All these parameters conspired to make the Electoral College a dysfunctional design. The formula for deciding how many electors to assign to each state was especially problematic because it replicated the abhorrent three-fifths compromise used to distribute seats in the House. To appease the free white residents of southern states, enslaved Black people were counted as three-fifths of a person for the purpose of allocating representatives and electors, even though slaves were denied the right to vote. Wegman told the New York Times Daily podcast that southern states exploited that provision to perpetuate segregation long after Black Americans were granted the right to vote.
Nor did the Founders anticipate the rise of political parties and how, by the 1830s, the logic of partisan competition would drive nearly all states to adopt winner-take-all rules in which the candidate who won the majority of a state’s popular vote would be awarded all that state’s electoral votes. That development shaped the modern political landscape in which candidates campaign almost exclusively in a handful of “battleground” states where small shifts in voting results can determine Electoral College outcomes. Other states are reduced to “spectator” status.
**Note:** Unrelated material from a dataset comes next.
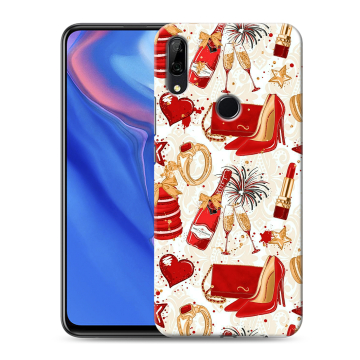Силиконовый противоударный чехол на Huawei P Smart Z с принтом Новый год Силиконовый противоударный чехол на Huawei P Smart Z с принтом Новый год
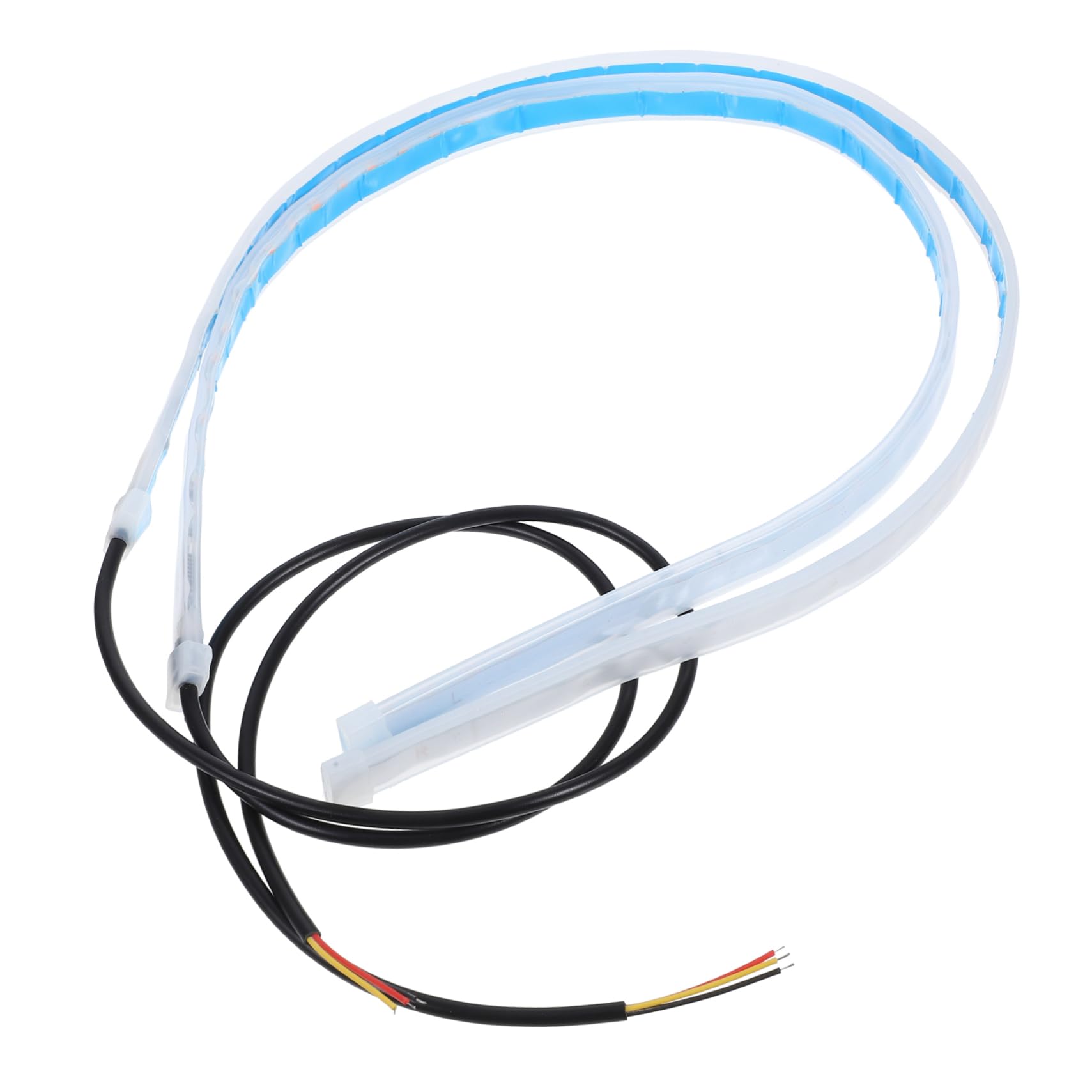 STOBAZA 2Pcs Car Hood LED Light Strip Flexible Dynamic Running Light for Turn Signal Easy Installation Lightweight Design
In 1969, the House voted by an overwhelming 338 to 70 in favor of a constitutional amendment to dismantle the Electoral College, but a cadre of Southern segregationists blocked the bill with an epic filibuster in the Senate. That’s the closest America has ever come to an Electoral College redesign.
More recently, 15 states and the District of Columbia have endorsed an proposal called the National Popular Vote Interstate Compact, an agreement that pledges them to award all their electoral votes to whichever presidential candidate wins the popular vote. It’s a clever workaround that doesn’t require rewriting the Constitution. But so far signatories of the compact control a combined 196 electoral votes, far short of the 270 votes needed for a majority in the Electoral College.